Inti isi surat tersebut KPAI menyatakan keberatan, kalau peserta diwajibkan menggunakan baju bertuliskan Djarum Badminton Club di bagian dada mereka, karena dianggap promosi terhadap brand image perusahaan rokok.

Hal tersebut menurut KPAI adalah bentuk eksploitasi terhadap anak.

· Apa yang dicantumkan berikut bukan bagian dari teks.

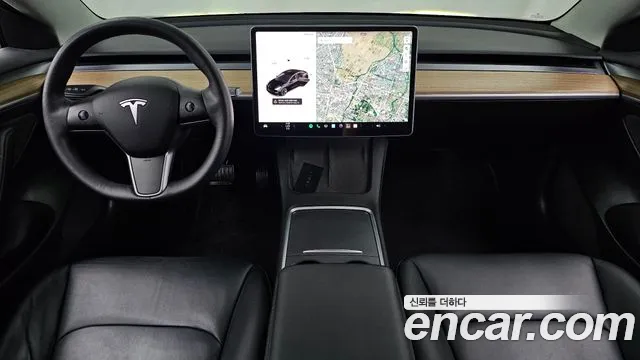 Tesla Model 3 — Фото автомобиля 7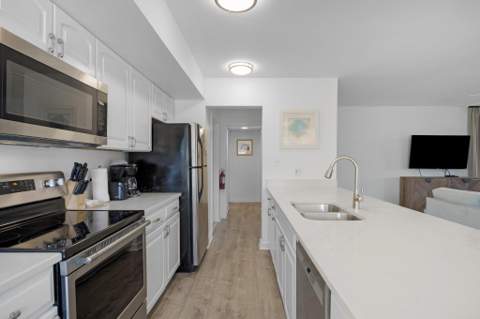 8204 Marina Villas Drive, Duck Key FL - photo 15 of 45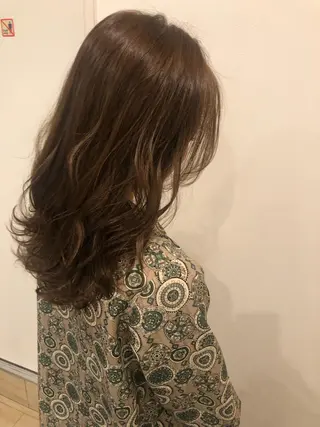 ミディアム 🦩レイヤー|透明感 カラー🦩makoのヘアスタイル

Padahal anak-anak usia di bawah 18 tahun harus dijauhkan dari keterpaparan rokok, sebagaimana tertuang dalam Undang-Undang Nomor 35 Tahun 2014 tentang Perlindungan Anak, serta Peraturan Pemerintah Nomor 109 (tentang Pengamanan Bahan yang Mengandung Zat Adiktif Berupa Produk Tembakau Bagi Kesehatan) Tahun 2012.

Menurut pasal 35 Ayat (1) huruf c peraturan tersebut, pengendalian promosi produk tembakau dilakukan dengan tidak menggunakan logo dan/atau mereka produk tembakau pada suatu kegiatan lembaga dan/atau perorangan.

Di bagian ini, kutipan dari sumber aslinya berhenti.